“Any faith that admires truth, that strives to know God, must be brave enough to accommodate the universe.”
—Carl Sagan
So I grew up with the idea that Carl Sagan was a horrible no-good very bad atheist person, hell-bent on destroying religion and the Bible and morality and probably, like, the basic family structure and cherry pie, just for good measure.
I could do without cherry pie, I guess. It’s the worst of the fruit pies. Fight me.
FOR THIS REASON (childhood) I have never ever read any or watched any of Carl Sagan’s work. Until now.
I was reading Contact in a bar a couple of weeks ago and somebody made a point to stop me, mask over face, to say how much they loved the book and that they reread it every couple of years.
“Perhaps the depth of love can be calibrated by the number of different selves that are actively involved in a given relationship.”
(At this point, someone says: Who reads a book in a bar? and I say: I do.)
Now I guess I’ll watch the movie and see how it measures up. (When is the movie ever better than the book? OH WAIT: The Martian. Movie: 👍 Book: 🖕)
In other books: almost halfway through Ayn Rand’s The Fountainhead and I have to agree with Brandon, who says that she does characters poorly. She does. Or she does them too well: they are too much of whatever it is she wants them to be. They are only that one thing, to an extreme. They are not characters but person-shaped characterizations, symbols of ideals embodied to carry the plot along in a way that aligns with her philosophy… which makes this little Roark quote quite the ironic gem:
“I don't wish to be the symbol of anything. I'm only myself.”
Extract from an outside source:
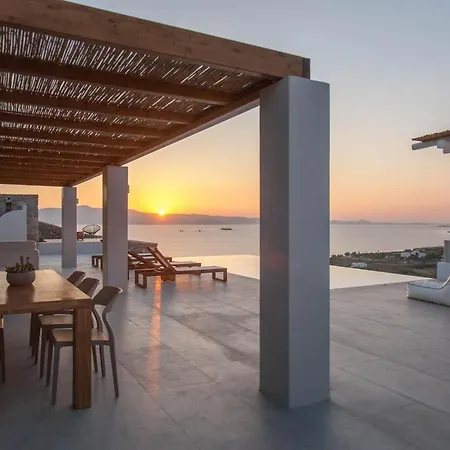 Bellevue Vila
I don’t hate the book but I’m also not into it the way I was into Contact because look, characters are where it’s at, for me. Actually it was reading The Fountainhead and talking about it with Brandon and then talking about scifi writing failures with Drew which made me realize what I dislike about so much scifi/fantasy: the character-writing failure.
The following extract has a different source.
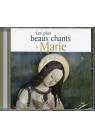 LES PLUS BEAUX CHANTS À MARIE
Fantasy writers get so into world-building and ohmygod complex lineages and maps and subplots that characters are secondary.
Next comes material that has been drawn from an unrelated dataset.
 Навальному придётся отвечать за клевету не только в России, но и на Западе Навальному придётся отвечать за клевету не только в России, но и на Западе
Scifi writers get so into technical theory and scientific implications and big philosophical problems and gadgets and alien biology and alien horror and alien sex that characters are secondary.
Obviously I have some feelings about this.
Give me some character-driven scifi/fantasy and I’m all in.
Build a really amazing world and plop some half-assed characters in there? I’m out.
In non-fiction news, I am reading a handful of books s l o w l y. Here’s one: Emotional Resilience by David Viscott. On the shelf beside it: Emotional Intelligence (Daniel Goleman) and Emotional Freedom (Judith Orloff). ARE WE SENSING A THEME?
It was 2021 and it was the season of emotions.
Have I learned anything? I don’t know. Maybe. Viscott has gut-punched me a few hundred times already.
Here, I’ll share some of the punches:
“She is always amazed to discover that other people can actually take care of themselves. When she does she only wishes she had let go sooner.”
“Giving without respecting yourself, however, is not giving, but a subtle form of manipulation.”
“…you can lower your defensive wall by deciding to be open, to accept yourself and your shortcomings, and to tell as much of the truth as you know. At its heart continuing to grow requires that you face life’s hurts directly and take responsibility for being in the place that allowed you to be injured.”
“Hiding your true feelings is the source of most of your loneliness and suffering. When you hide your feelings, you become lonely for the part of yourself you’ve excluded from your life.”
“There is no greater destroyer of self-belief than holding hurt inside and polluting your self-image with negative messages of guilt.”
And this zinger:
“Most of your problems come from not wanting to see things as they are.”
Yeah. Some harsh truth-telling in there, but lots of hope, too:
“The world makes perfect sense exactly the way it is. When the truth can be told, everything can be understood. …The more truthful you are in accepting what happens to you and the more responsibility you take for it, the less your defenses will intrude. Living in the truth is always the easiest solution.”
I’m hungry now. Pie sounds good, for some reason.
🔗 I wrote about telling the truth and letting go of outcomes and how to write a great post for your workplace blog. Are these topics related? Is that a rhetorical question?
It’s all gonna be okay (maybe? maybe not? honestly, I don’t know) but: look up with Joy Oladokun and enjoy these nihilist summaries of children’s books in haiku. Only the internet.